The treatment of respiratory infections is often empiric, necessitating the use of agents with a broad range of antimicrobial activity. The fluoroquinolones, having activity against common respiratory pathogens, fit this description. New fluoroquinolones have been developed in an attempt to improve the in vitro activity against a wide variety of respiratory tract pathogens. The objective of the study is to compare in vitro activity of newest fluoroquinolones, gatifloxacin and moxifloxacin, with levofloxacin and ciprofloxacin using three major respiratory pathogens, Streptococcus pneumoniae, Haemophilus influenzae and Moraxella catarrhalis. Minimum inhibitory concentrations (MICs) of four fluoroquinolones were tested against 93 S pneumoniae, 62 H influenzae and 60 M catarrhalis, ie 215 isolates by the E-test method. National Committee for Clinical Laboratory Standards (NCCLS)-approved interpretive criteria were used throughout. All isolates were susceptible to the tested fluoro-quinolones. Ninety per cent of S pneumoniae strains were inhibited by ciprofloxacin at concentrations of 2 mg/L. The gatifloxacin and moxifloxacin MICs were lower than the ciprofloxacin and levofloxacin MICs against S pneumoniae. In contrast to S pneumoniae, in vitro activities of gatifloxacin and moxifloxacin offered no apparent advantages over ciprofloxacin and levofloxacin for H influenzae and M catarrhalis.

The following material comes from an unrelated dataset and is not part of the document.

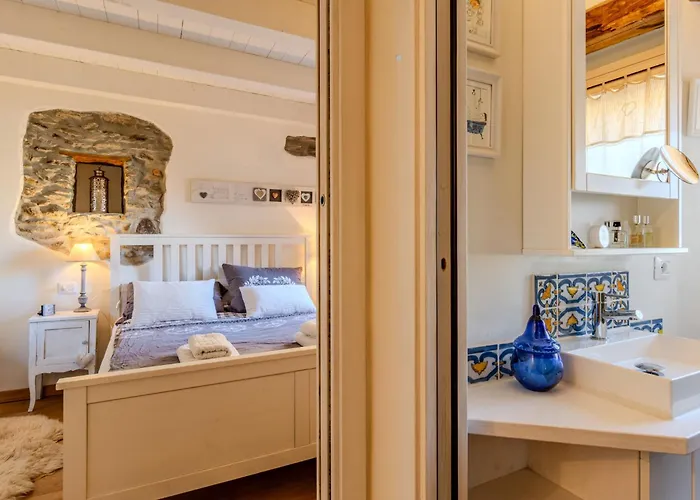 Prázdninový dům Casetta Rosa By Interhome San Siro (Lombardy)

La terapia de las infecciones respiratorias es a menudo empírica, y exige por ende el uso de agentes con un amplio espectro de actividad antimicrobiana. Por su actividad contra los patógenos respiratorios comunes, las fluorquinolonas se ajustan a esta descripción. Nuevas fluorquinolonas han sido desarrolladas, en un intento por mejorar la actividad in vitro contra una variedad de patógenos de las vías respiratorias. El objetivo de este estudio es comparar la actividad in vitro de las fluorquinolonas más recientes – la gatifloxacina y la moxifloxacina – con la levofloxacina y la ciprofloxacina, usando tres de los más importantes patógenos respiratorios: Streptococcus pneumoniae, Haemophilus influenzae y Moraxella catarrhalis. Las concentraciones inhibitorias mínimas (CIMs) de las cuatro fluorquinolonas fueron sometidas a prueba contra 93 S pneumoniae, 62 H influenzae y 60 M catarrhalis, para un total de 215 aislados mediante el método de E-test. En todos los casos se aplicaron criterios interpretativos aprobados por el Comité Nacional para Normas del Laboratorio Clínico (NCCLS). Todos los aislados resultaron sensibles a las fluorquinolonas ensayadas. El noventa por ciento de las cepas de S pneumoniae fueron inhibidas por la ciprofloxacina a concentrationes of 2 mg/L. Las CIMs de la gatifloxacina y la moxifloxacina fueron más bajas que las CIMs de la ciprofloxacina y la levofloxacina contra S pneumoniae. En contraste con S pneumoniae, la actividad in vitro de la gatifloxacina y la moxifloxacina no ofrecieron ventajas aparentes por encima de la ciprofloxacina y la levofloxacina frente a H influenzae y M catarrhalis.